On an early April morning, the pair discussed their work at Blaskey’s Altoona studio. This will be their second consecutive year as part of the tour. To fill a last-minute opening in 2015, they created an abstract polished steel sculpture, “Avec le Soleil,” which – depending upon your interpretation – portrays Atlas holding the up the heavens, the Tower of London, a sundial, or something else.
“We decided this year we’d do something a little more lyrical,” Sundby explains. The result is a polished steel sculpture, titled “La Familia.” It consists of three elephant-like creatures – a mother, a father, and a baby – formed from interlocking shapes.
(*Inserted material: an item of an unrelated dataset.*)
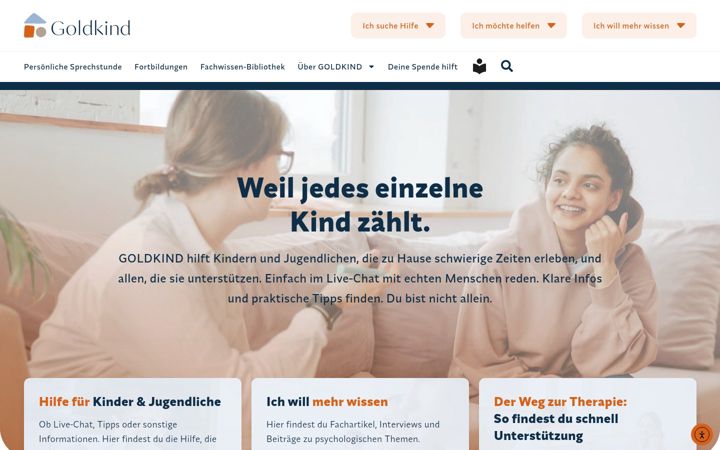 Screenshot of goldkind-stiftung.de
Sundby designed the sculpture using small models – or maquettes – cut from paper. Using a computer-controlled cutting table, Blaskey converted the models into appropriately shaped pieces of steel, a process that is considerably faster than cutting them by hand. After that, the pair carefully welded the pieces together and polished them to perfection.
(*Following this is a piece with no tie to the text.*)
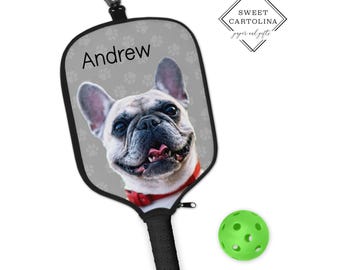 custom pickleball paddle cover, pickleball paddle sleeve, pickleball gift, sports cover, personalized pickleball paddle cover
“I’m a civil engineer by training,” Blaskey explains. “I have the mechanics, but not the aesthetics.” (He’s being overly modest: His studio is full of pieces portraying human figures that will be exhibited at the Janet Carson Gallery this fall.)
While their entry in the sculpture tour last year appealed to viewer’s brains, Sundby says, “La Familia” will appeal to their hearts: The mother and father creatures appear to be protecting and observing their little one while also proudly presenting him (an overlapping bundle of emotions any parent can relate to).
Even though “La Familia” and the rest of the 2016 sculptures will soon be on their way, there’s still a bit of time to say goodbye to the class of 2015: They’ll be taken down on April 12. Most will be shipped back to Sioux Falls, S.D., the city where the sculpture tour concept was born. Sioux Falls and Eau Claire are part of a confederation of sculpture tour cities that also includes Mason City, Iowa; Castlegar, British Columbia; and Mankato, Minnesota. Sculptures often end up traveling from city to city – in Sioux Falls this year and in Eau Claire the next, for example. Many others are sold: More than 20 sculptures that originally came to Eau Claire as part of the tour have stayed here, having been placed on permanent public display or purchased for private collections.
Sundby and Blaskey say they are pleased that more Midwestern sculptures are becoming part of the tour, and they say there are more sculptors popping up in the Chippewa Valley as the local arts scene continues to flourish. When asked about the tour’s local impact, Blaskey notes that parts of the city, such as Barstow and Water streets, would look empty without the sculptures. And then there’s all the walking sculpture admirers get in while strolling along the roughly three-mile tour route.
“It’s had that aesthetic and athletic benefit,” Blaskey says.